Disseram-me que de repente partiste. Foste para qual céu? Dos pretos velhos? Dos índios? Morar com a tua “moça”? Foi tão de repente, que surpreendido pela partida fiquei a imaginar qual seria o teu propósito: talvez algum enigma a ser decifrado, um sonho a ser realizado ou, quem sabe, num acesso de raiva por que não concordaste de que a vida não era bem do jeito que querias!

Aí me lembrei de uma poesia tua que em certo trecho dizia:

“Estou oculto aqui, no fundo

mais sutil que um espectro de regresso

a este mundo.

Recomposto da matéria do medo e do universo

ele é incompreensível e intolerável; e eu, não.

 

Olha o campo e vê crianças

que, inocentes, dão cursos ao seu brinquedo.
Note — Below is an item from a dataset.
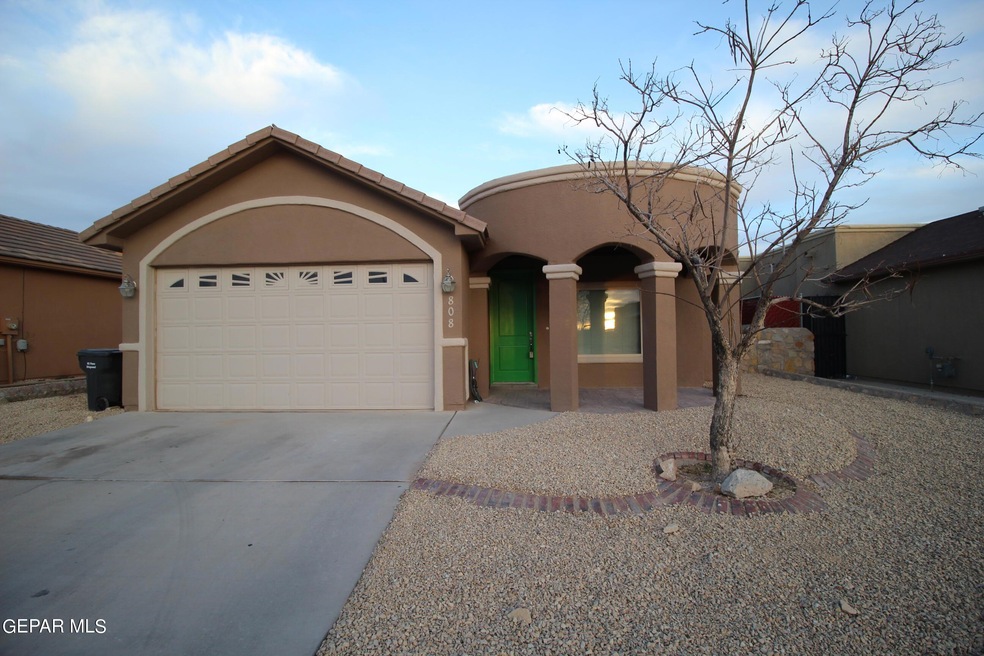 808 Desert Sky Dr, Horizon City, TX 79928 - photo 1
São lindas – ignoram o meu segredo:

disfarcei-me

em grama, em insetos, em sementes.

 

Estarei por toda parte – esta é a última arte

em que me empenho.

Quando desceres o rio, rema de mansinho;

teu vizinho aqui está, em meio às bolhas,

no dueto das folhas e do vento.

Parque agora já não sou ninguém “. (1)

 

Contaram-me de que tu foste tão de repente, deixando-nos por entender de como a vida é fugaz! Levaste contigo os sonhos, todas as possibilidades do irreal e o encontro do impossível!

Viste com absoluta clareza a marca da tua partida:

 

“Breve é a vida do homem sobre a Terra,

como o vôo da ave

entre duas árvores que próximas cresceram.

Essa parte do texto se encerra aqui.